§ **Material for this exercise**:
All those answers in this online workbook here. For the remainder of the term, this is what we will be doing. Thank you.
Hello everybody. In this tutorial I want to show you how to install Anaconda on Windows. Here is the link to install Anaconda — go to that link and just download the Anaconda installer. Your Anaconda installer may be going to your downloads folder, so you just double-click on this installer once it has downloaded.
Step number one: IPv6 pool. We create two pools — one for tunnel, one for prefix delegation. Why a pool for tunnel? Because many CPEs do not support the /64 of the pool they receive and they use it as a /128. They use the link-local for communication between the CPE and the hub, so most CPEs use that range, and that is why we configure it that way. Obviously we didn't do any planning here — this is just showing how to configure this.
--
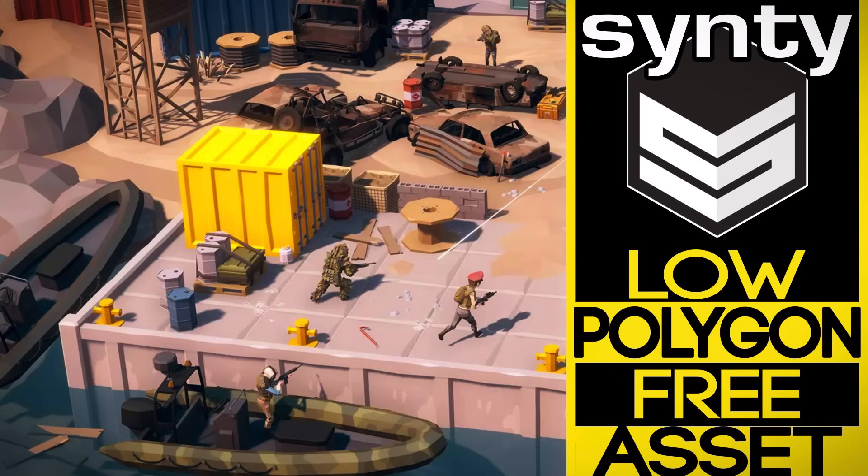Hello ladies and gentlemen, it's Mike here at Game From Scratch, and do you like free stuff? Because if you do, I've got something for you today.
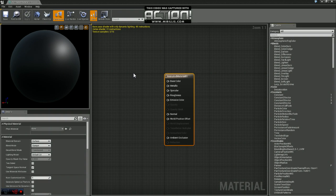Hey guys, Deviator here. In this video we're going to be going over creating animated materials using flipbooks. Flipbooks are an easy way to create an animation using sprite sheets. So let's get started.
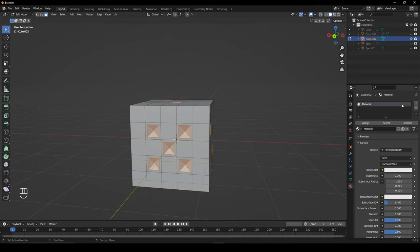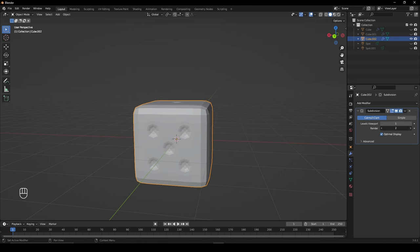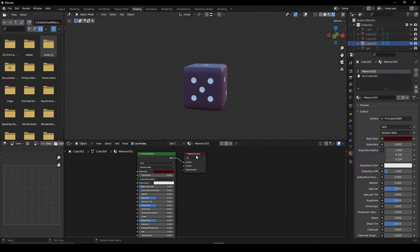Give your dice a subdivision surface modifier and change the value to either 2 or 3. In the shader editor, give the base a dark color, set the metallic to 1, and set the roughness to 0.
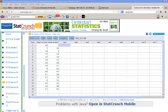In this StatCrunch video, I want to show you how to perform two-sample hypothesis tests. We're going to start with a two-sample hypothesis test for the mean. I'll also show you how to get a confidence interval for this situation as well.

§ **Problem description**:
Of the entries above, repeat exactly the lines from the line with "All those answers" through the line with "Step number one: IPv6", both of them included.

§ **The answer**:
All those answers in this online workbook here. For the remainder of the term, this is what we will be doing. Thank you.
Hello everybody. In this tutorial I want to show you how to install Anaconda on Windows. Here is the link to install Anaconda — go to that link and just download the Anaconda installer. Your Anaconda installer may be going to your downloads folder, so you just double-click on this installer once it has downloaded.
Step number one: IPv6 pool. We create two pools — one for tunnel, one for prefix delegation. Why a pool for tunnel? Because many CPEs do not support the /64 of the pool they receive and they use it as a /128. They use the link-local for communication between the CPE and the hub, so most CPEs use that range, and that is why we configure it that way. Obviously we didn't do any planning here — this is just showing how to configure this.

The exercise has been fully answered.